2. An axle driving apparatus comprising: a housing; a hydrostatic
transmission disposed in said housing and forming a sump, said
hydrostatic transmission including a hydraulic motor having a motor
shaft; an auxiliary pump in flow communication with said sump
disposed adjacent to the external surface of said housing; axles
disposed in said housing; a differential gear unit disposed in said
housing for differential connection of said axles; and a drive
train disposed in said housing between said hydrostatic
transmission and said axle, said drive train comprising: a counter
shaft supported at both ends in said housing so as to be disposed
between said motor shaft and said axles; a first gear rotatable
relative to and provided on said counter shaft for driving said
differential gear unit; and a second gear driven by said motor
shaft, said second gear not rotatable relative to and mounted on
said first gear, wherein said second gear engages with teeth of
said first gear.
Description
CROSS-REFERENCE TO RELATED APPLICATIONS
[0001] This application is a continuation of U.S. application Ser.
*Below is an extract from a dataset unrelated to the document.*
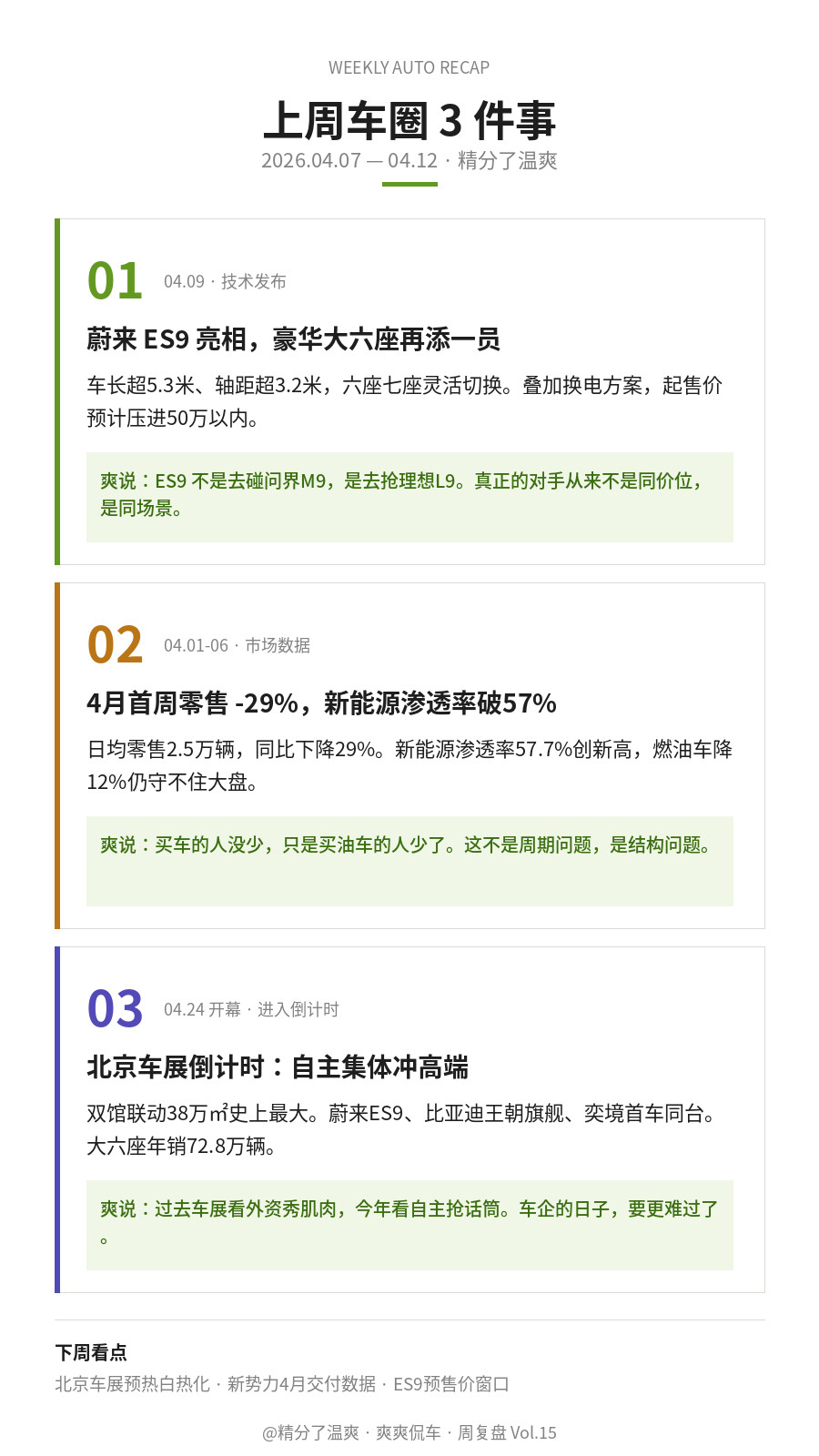 上周车圈三件趣事，捋：①蔚来ES9亮相——5米3的大六座，50万以内。这车不是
No. 09/774,754, filed Jan. 30, 2001, which is a continuation of
U.S. application Ser. No. 09/170,915, filed Oct. 13, 1998, now U.S.
Pat. No. 6,192,682, which is a continuation of application Ser. No.
08/700,933, filed Aug. 23, 1996, now U.S. Pat. No. 5,819,535, which
is a continuation-in-part of U.S. application Ser. No. 08/451,162,
filed May 26, 1995, now U.S. Pat. No. 5,557,931, which is a
continuation of U.S. application Ser. No. 08/394,144, filed Feb.
24, 1995, now U.S. Pat. No. 5,555,727.
BACKGROUND OF THE INVENTION
[0002] This invention relates to charge pumps and other auxiliary
pumps used on hydrostatic transmissions ("HST") for use in light
duty applications. Such HSTs can either have their own housing and
be attached to an axle driving apparatus, or can be incorporated
within a housing that includes the components of the axle driving
apparatus. A unit that contains an HST within the housing of an
axle driving apparatus is often referred to as a integrated
hydrostatic transaxle ("IHT"). The operation of such units are
described in U.S. Pat. Nos. 5,201,692 and 5,314,387, the terms of
which are incorporated by reference.
SUMMARY OF THE INVENTION
[0003] This invention presents a unique and novel manner of
providing and mounting charge pumps and auxiliary pumps for both
IHTs or stand-alone HSTs that are mounted to a separate
transmission. As described in the '692 patent, an HST generally
comprises a pump that receives and is rotated by an input shaft
driven by a vehicle engine. The pump includes a plurality of
pistons that contact a swashplate to cause axial movement thereof
when the pump rotates. The pump is hydraulically connected to a
motor, which is similar in construction to the pump. The motor
receives hydraulic fluid from the pump, and movement of the motor
pistons against a swashplate causes rotation of the motor, which is
connected to and drives an output shaft. The hydraulic connection
between the pump and motor is a closed circuit; however, in any
such circuit there will be deliberate and incidental leakage due to
lubrication requirements, the high pressure of the hydraulic fluid
and manufacturing tolerances. Thus, the HST requires a mechanism to
replace fluid leaked from the closed circuit. This replacement
fluid is commonly called make-up fluid.
[0004] In present HST designs, the pump and motor are often mounted
on a center section that includes the hydraulic circuit therein.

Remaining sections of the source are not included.